Step 1: Understanding the Concept:
In a parallelogram, the diagonals bisect each other. This means the midpoint of diagonal AC is the same as the midpoint of diagonal BD. The diagonal through B is the line BD.
: Key Formula or Approach:
1. Midpoint Formula: \( (\frac{x_1+x_2}{2}, \frac{y_1+y_2}{2}) \).
2. Equation of line through two points.
Step 2: Detailed Explanation:
The diagonal through B is BD. Since the diagonals bisect each other, the midpoint of BD is the same as the midpoint of AC.
Midpoint of AC \( (M) \):
\[ M = \left( \frac{-1 + 6}{2}, \frac{2 + 5}{2} \right) = \left( \frac{5}{2}, \frac{7}{2} \right) \]
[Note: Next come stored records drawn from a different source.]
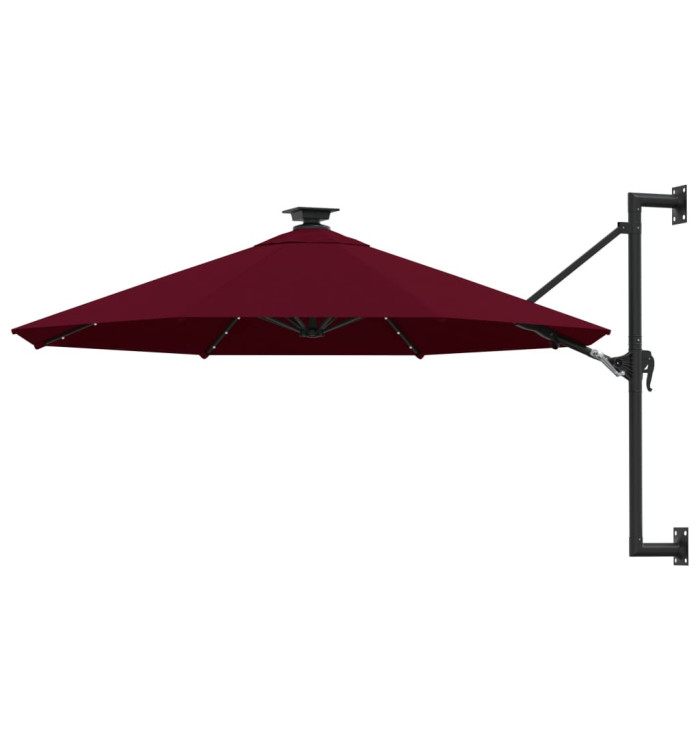 Parasol mural de jardin avec LED 300 cm bordeaux | Mobilier & Déco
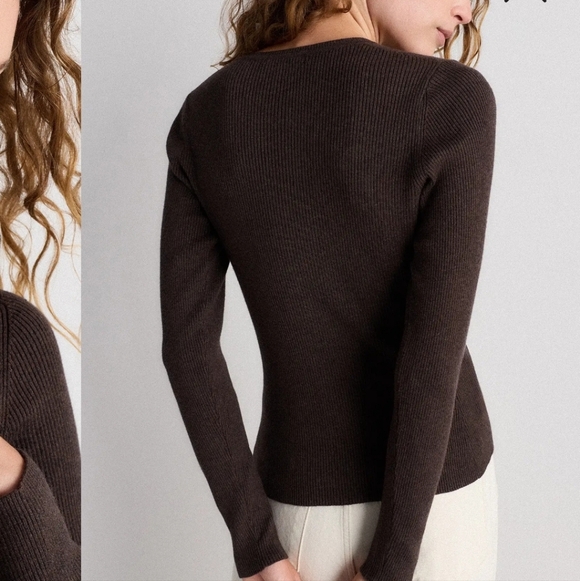 Quince Cotton Cashmere Fitted Ribbed Cardigan In Mocha Heather - Picture 12 of 16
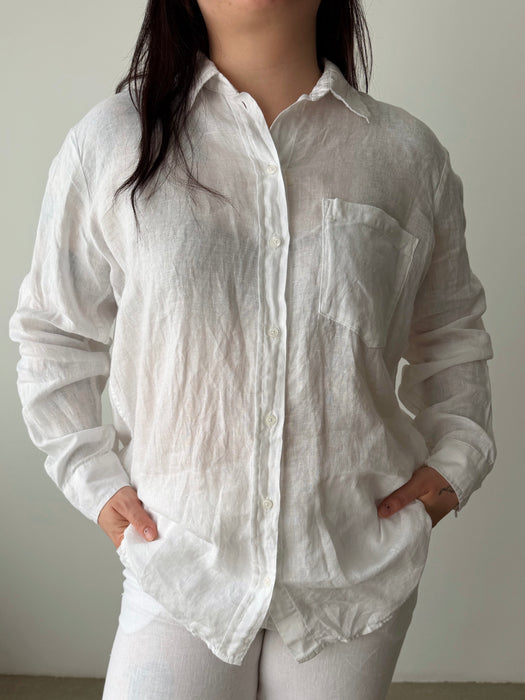 White Linen Button Up | L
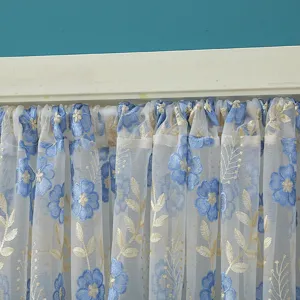 Korean lace half curtain sheer door curtain with blue flower embroidery for home room decor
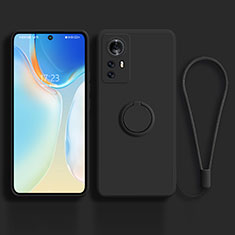 Silikon Hülle Handyhülle Ultra Dünn Schutzhülle Tasche Flexible mit Magnetisch Fingerring Ständer A01 für Xiaomi Mi 12S Pro 5G Schwarz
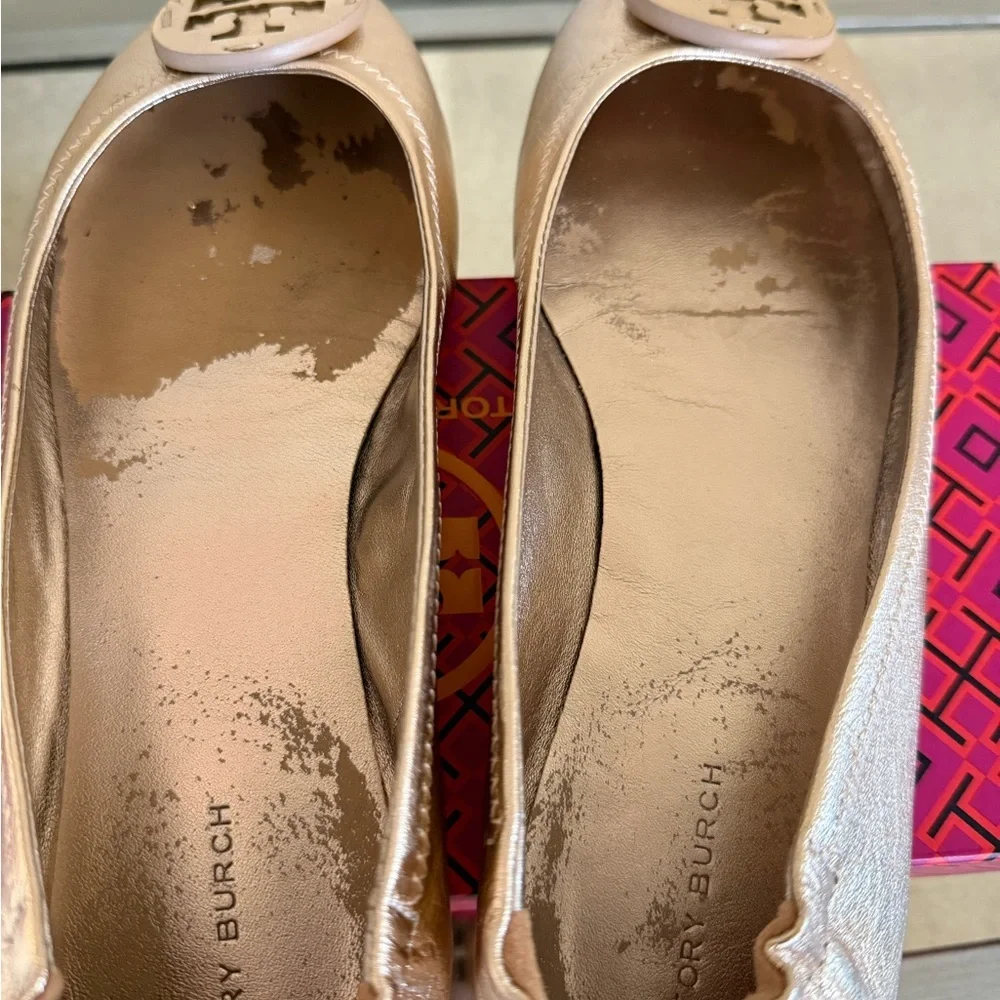 Tory Burch Minnie Travel Ballet With Leather Logo Size 9.5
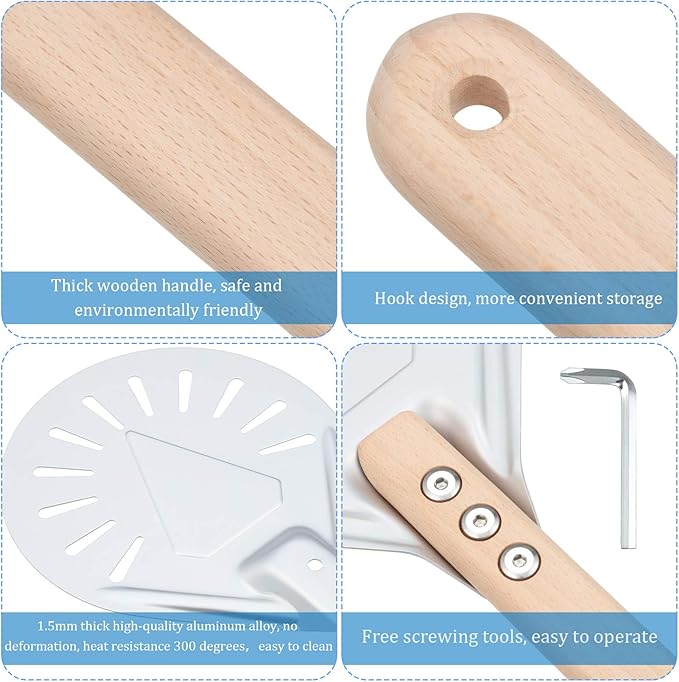 Pizza Turning Peel Perforated Pizza Turner Round Metal Aluminum Turning Peel Paddle with 16 Inch Anti-scalding Non-slip Durable Wooden Handle for Homemade Bread Bakers Oven Accessories(7 Inch)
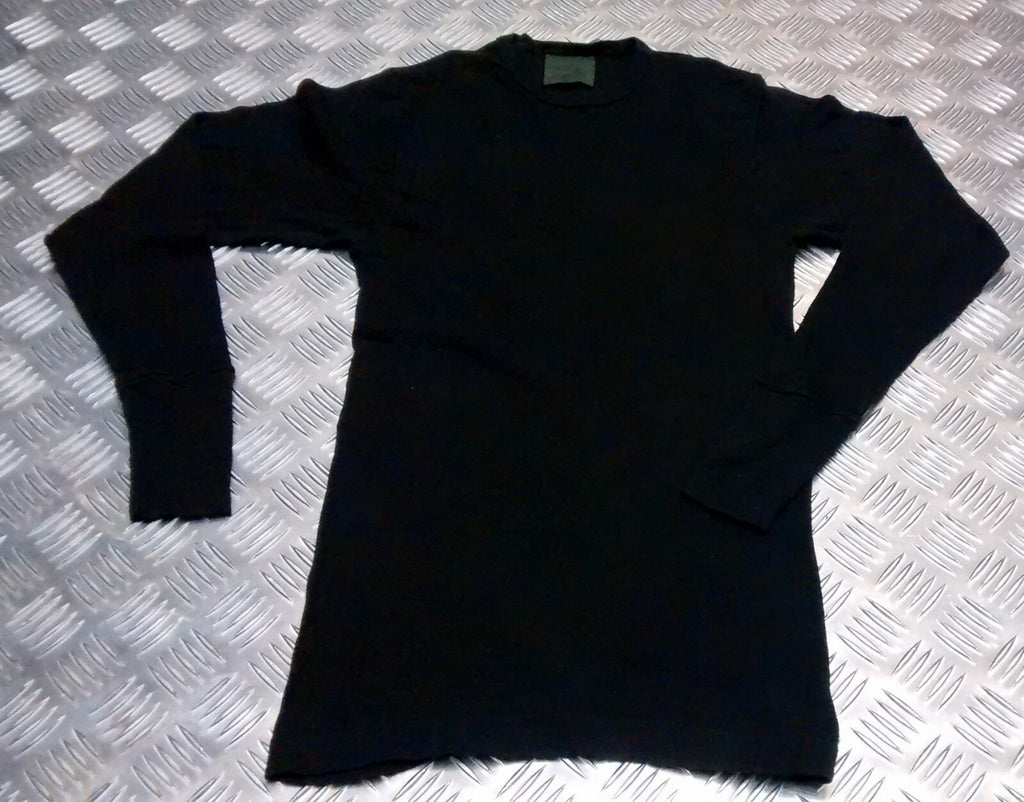 Genuine British Army Black Long Sleeve Cold Weather Top X-Small Very Warm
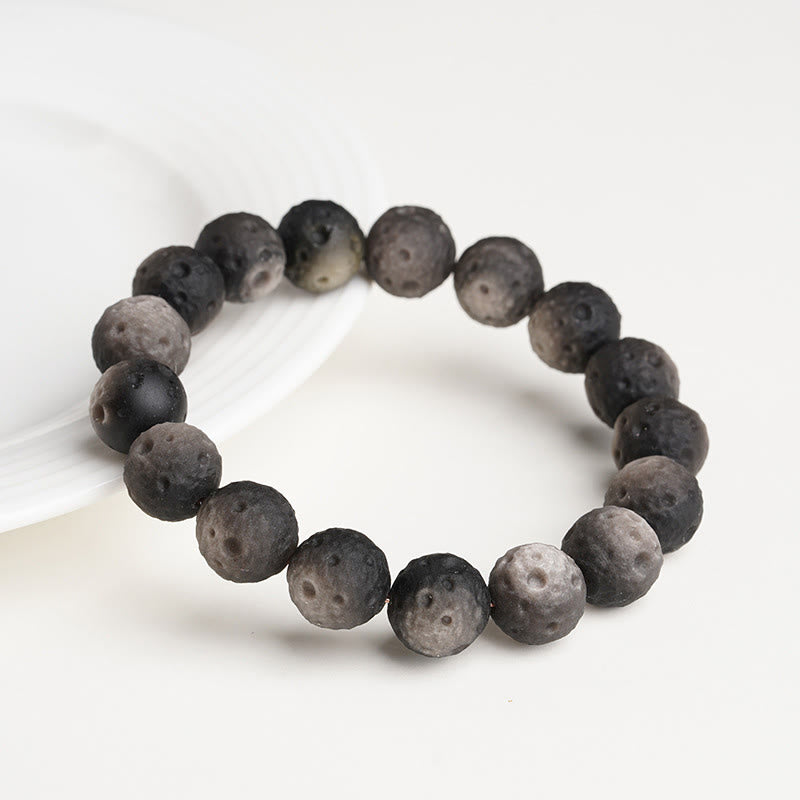 Buddha Stones Natural Silver Sheen Obsidian Gold Sheen Obsidian Round Beads Protection Bracelet - image 1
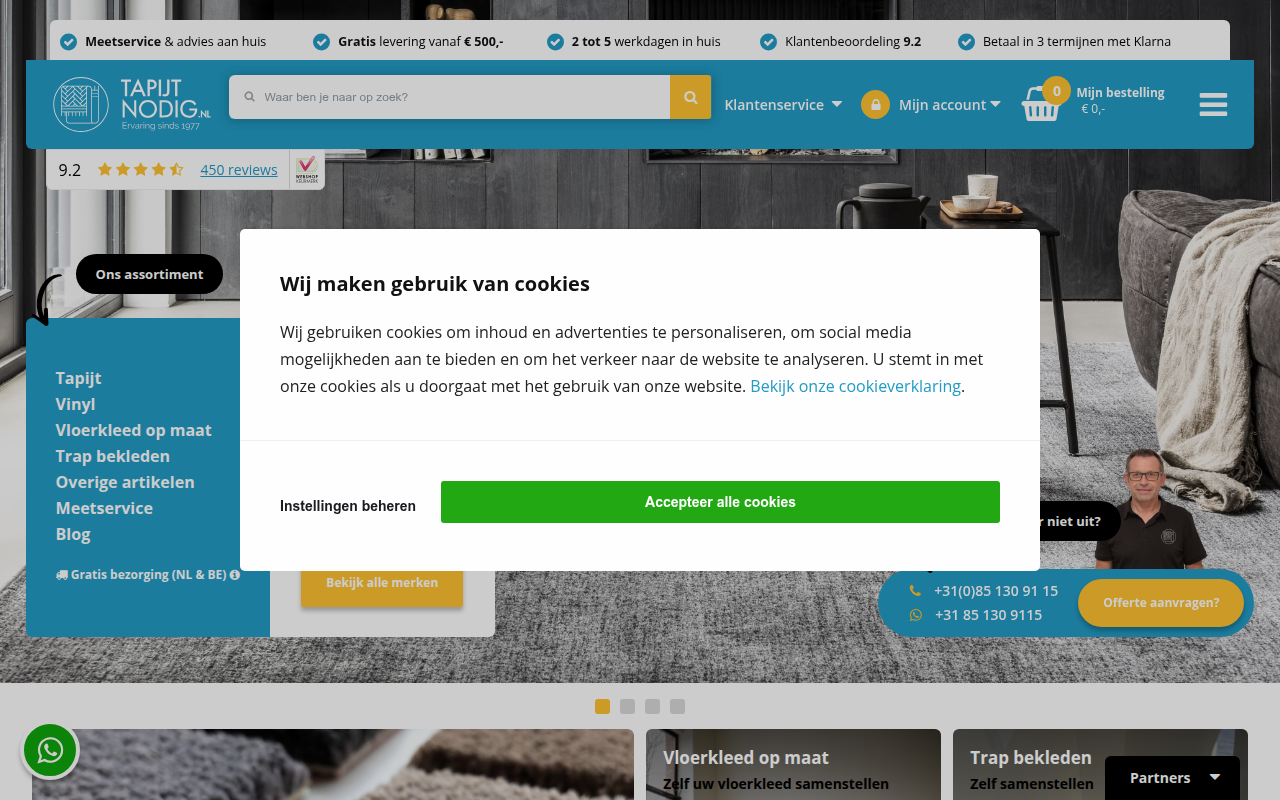 Screenshot van tapijtnodig.nl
The line BD passes through \( B(5, 1) \) and \( M(2.5, 3.5) \).
Slope of BD:
\[ m = \frac{3.5 - 1}{2.5 - 5} = \frac{2.5}{-2.5} = -1 \]
Equation of line BD:
\[ y - 1 = -1(x - 5) \]
\[ y - 1 = -x + 5 \implies x + y - 6 = 0 \].
Step 3: Final Answer:
The equation of the diagonal is \( x + y - 6 = 0 \).